Само собой разумеется, что от чтения всей этой «юриспруденции» особого удовольствия не испытываешь. Даже несмотря на то, что приведенные выше протоколы изобилуют всякого рода пикантными и аморальными историйками.
Вообще, создается впечатление, что ради срывания «покрова таинственности» над истинной жизнью геологов, ради того, чтобы показать, что они и в суровых полевых условиях находили время для полноценной половой жизни (а не так, как это некогда изображалось в пресно-подвижнических геологических повестях), Г. Машкин и написал свой новый роман о людях этой романтической, но вполне земной профессии.
«Важен в поэме стиль, отвечающий теме», — говорил Некрасов, и Г. Машкин, как и в «Дальней Тайге» демонстрирует свое оригинальное видение и изображение сексуальных сценок.
«— Да сколько же ты намерена испытывать меня? — взревел я, подхватил ее под руки и бросил в кровать. — Мужик я или чинуша?!
Светлана притворно заверещала, но я залепил ее рот поцелуем, руками ж проворно сбросил газовые тряпицы. Мне нужно было во что бы то ни стало доказать ей, что я не ледяной сталактит, дышу, как вулкан, извергаю лаву... И она эту лаву подхватывала на свои скаты, направляла в ложбинки, распадочки, ямки. Мы с ней неслись в какую-то впадину, к вечному океану, сливаясь, нежась, остывая, превращаясь в единую струю...»
На высокой «сексноте» роман и заканчивается. Борис вместе со своим институтским товарищем едут на дачу к верному холую Кукина Павлу Воронцу. Друзья наверняка знают, что под видом сауны там будет учинена самая настоящая оргия с «привлечением женского персонала» и с участием высоких номенклатурных особ.

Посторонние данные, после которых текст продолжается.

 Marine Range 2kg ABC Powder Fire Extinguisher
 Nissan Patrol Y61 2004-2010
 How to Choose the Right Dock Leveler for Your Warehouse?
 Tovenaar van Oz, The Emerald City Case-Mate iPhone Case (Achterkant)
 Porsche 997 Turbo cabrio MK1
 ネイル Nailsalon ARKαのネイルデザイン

Вот она, казалось бы, стопроцентная возможность накрыть с поличным
всех этих развратников-ретроградов! Но далее происходит нечто совершенно непредсказуемое. В числе лиц «женского персонала» оказалась и любимая жена Бориса Ника, которая в момент, когда друзья проникли в предбанник, позволяла Кукину срывать с нее бюстгалтер, а тот повелевал:
«— В таком случае, на стол, моя свирель! Покажи нам свои прелести! Пусть видят гости, что за сибирячки наши! Какой пробы наши девы! Спляши нам на столе канкан, чудесница! Просим!..»
Такого позора Борис выдержать не смог и прямо в предбаннике застрелился.

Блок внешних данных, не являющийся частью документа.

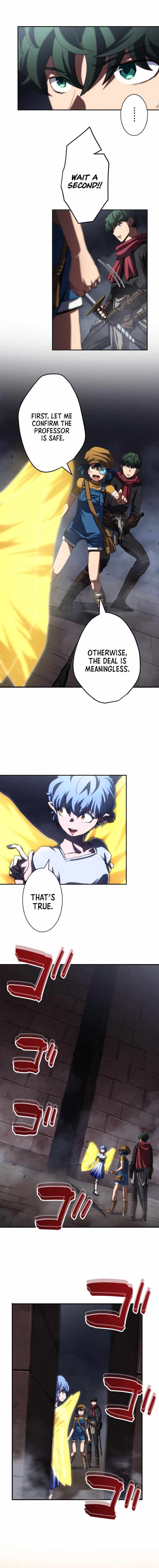 Read Wild Ranker chapter 47 image 8 on Lezhin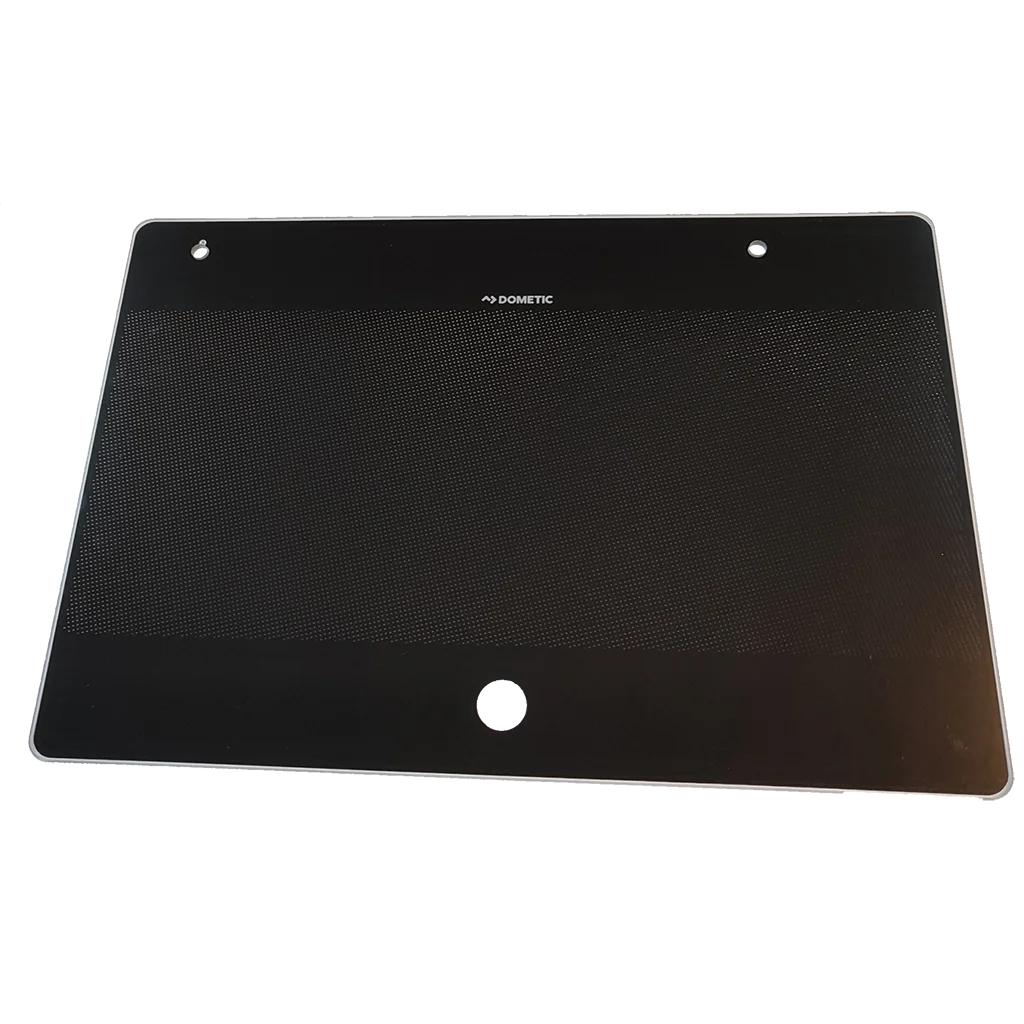 Dometic MO9722L Right Glass Cover - Black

Такие вот жуткие драмы вписаны, оказывается, в героическую летопись освоения сибирской нефти.
Романы «Дальняя Тайга» и «Выстрел из кембрия» в сюжетном отношении, мягко говоря, не блещут, а если быть откровенным, являют собой довольно-таки скучное, малоинтересное чтиво. И вот, как бы желая компенсировать этот недостаток, Г. Машкин последнее произведение своего сибирского триптиха — повесть «Свирепая глухомань» до предела насыщает всевозможными интригами и коллизиями.

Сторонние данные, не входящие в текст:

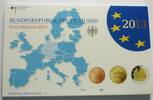 Deutschland, BRD, Germany 5,88 Euro offizieller Euro-Kursmünzensatz + 2 Euro Gedenkmünze Baden-Württemberg -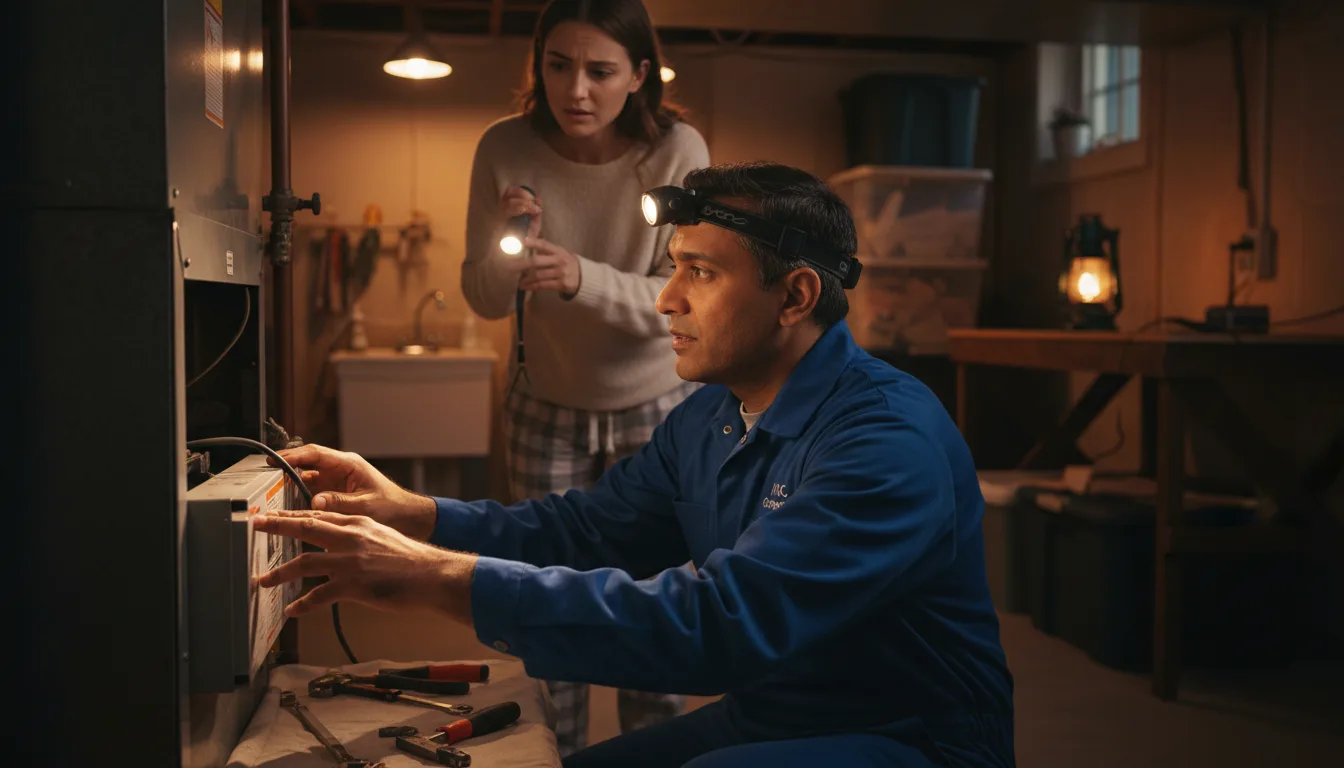 Emergency HVAC Repair in Wright, AR near me · HVAC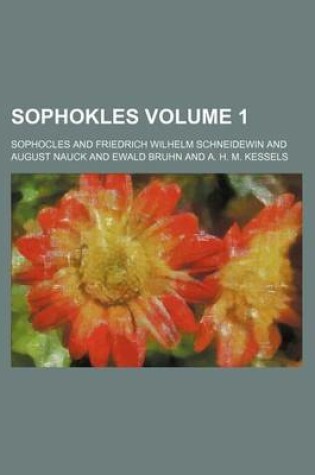 Cover of Sophokles Volume 1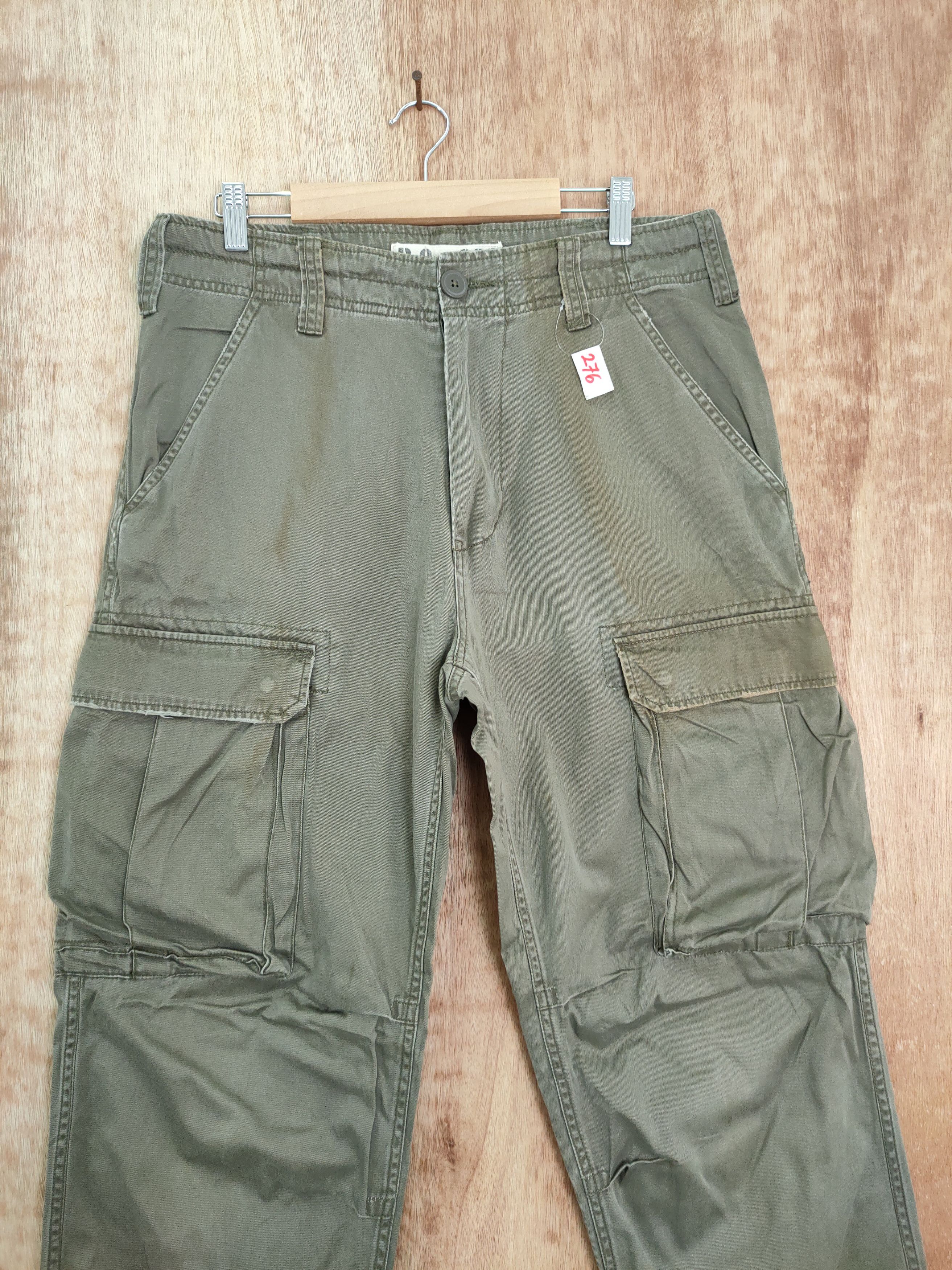 Japanese Brand DL Real Cruch clothing military tactical cargo pants #276 Size US 32 / EU 48 - 3 Thumbnail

...А начинается все с того, что в электричке знакомятся он и она:
врач Настя Меринова и геолог Ефим Малыгин. В ходе завязавшегося разговора выясняется: у обоих не сложилась семейная жизнь, и оба вынуждены были уйти от бывших благоверных, оставив у них на время своих прелестных маленьких дочурок. Вскоре Ефим становится желанным и постоянным гостем на даче Насти и ее мамы, известного иркутского хирурга Любови Пантелеевны Мериновой. А затем Ефим, опытным хозяйским глазом осмотрев эту весьма запущенную «виллу», решает капитально ее отремонтировать, а приглашает в напарники институтского своего друга Владимира Сокольничьего. Однако в самый разгар капремонта дача вдруг дотла сгорела. Как впоследствии выясняется, дачу специально поджег бывший Настин муж Вилор, чтобы выкрасть фотографию дочери и замести следы. (Согласитесь, и сам способ кражи, и особенно попытки уничтожить все улики и следы не просто оригинальны, но прямо-таки не имеют аналогов в мировой детективной беллетристике!) А покуда ведется следствие о поджоге дачи, Ефим с Настей и Володя со своей подругой Танечкой едут проводить остаток отпуска в «свирепую глухомань» — в небольшой городок Верхоленск, что на берегу Лены, к Володиным родственникам. Здесь с героями тоже происходят всевозможные события, главным из которых, безусловно, является «нахождение рояля в кустах».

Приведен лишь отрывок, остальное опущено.